The South Point is not the only Western performance horse venue that is taking extra steps to prevent the spread of disease among horses. The Great Southwest Equestrian Center, which in April will host the National Reining Breeders Classic (NRBC), recently announced it was requiring health certificates written within seven days of the event. The requirement, implemented to prevent the spread of strangles, was enacted after horses became sick after attending a hunter-jumper event at the Houston-area facility.

Carter, the NRCHA’s veterinarian, said common sense and simple preventions are the best weapons against EHV-1, which can cause respiratory disease in young horses, abortion in pregnant mares and occasional neurological disease in older horses.
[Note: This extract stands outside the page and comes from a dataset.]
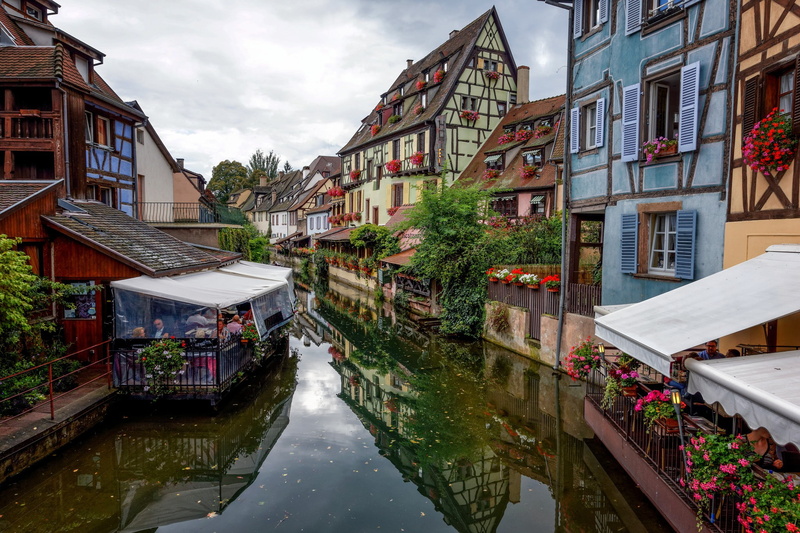blue, cafe, France, sky, canal, flowers, brown, Colmar, timbered, houses, painted, white, 1080P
Additionally, horse owners and exhibitors play a big part in preventing the spread of EHV-1, as well as other contagious diseases like flu and strangles, he said. 

“Bringing your own clean feed and water tubs; making sure your horse has booster shots; [and] disinfecting bits and other shared equipment between horses are all basic practices that can go a long way toward prevention,” Carter said. “Whether it’s Clorox, Pine-sol or some other disinfectant you buy from your feed store or vet, it is always worth the extra steps.”

Horses competing in the NRCHA Stakes will be required to have a negative coggins (Equine Infectious Anemia) dated within six months. Exhibitors must also present a 30-day health certificate for their horses upon arrival, as is standard at NRCHA events.